# EXERCISE PROMPT:
Would you output the lines from the one with "adapt2climate's tweet photo." through the last line of the material below, exactly, but without pictures?

# PROVIDED MATERIAL:
--- START ---

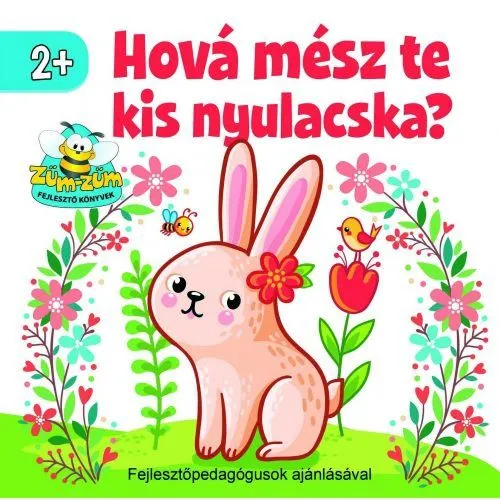 Gyors kiszállítás Hová mész te kis nyulacska?
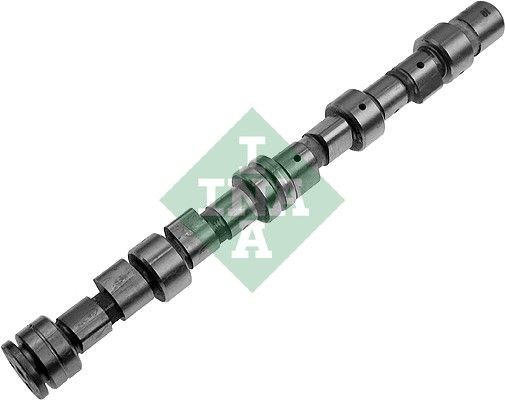 INA Camshaft kit OPEL Astra F Convertible (T92) new 428 0049 10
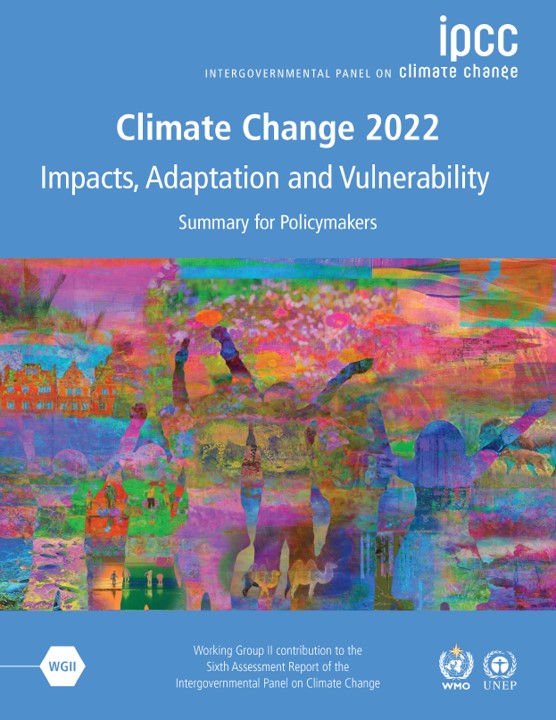 adapt2climate's tweet photo. Want to read the #IPCC AR6 #ClimateReport yourself?  Here is where to find the full report (3675pages), summary, or individual chapters: https://t.co/NurKqrRh5o https://t.co/ra7XrGEhtD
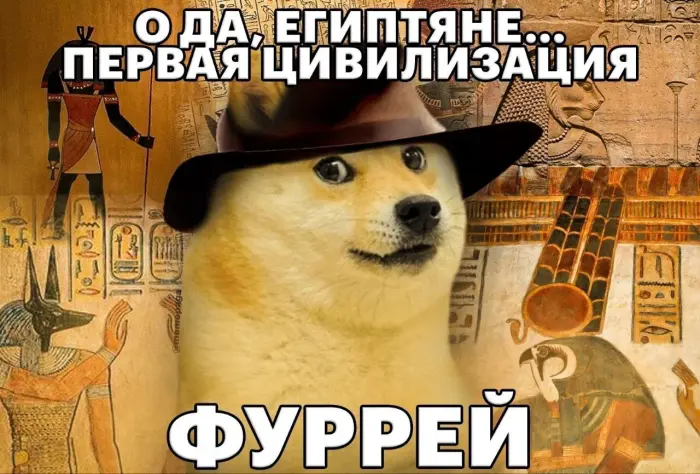 Подборка тупого юмора для поднятия настроения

--- END ---

# ANSWER:
 adapt2climate's tweet photo. Want to read the #IPCC AR6 #ClimateReport yourself?  Here is where to find the full report (3675pages), summary, or individual chapters: https://t.co/NurKqrRh5o https://t.co/ra7XrGEhtD
 Подборка тупого юмора для поднятия настроения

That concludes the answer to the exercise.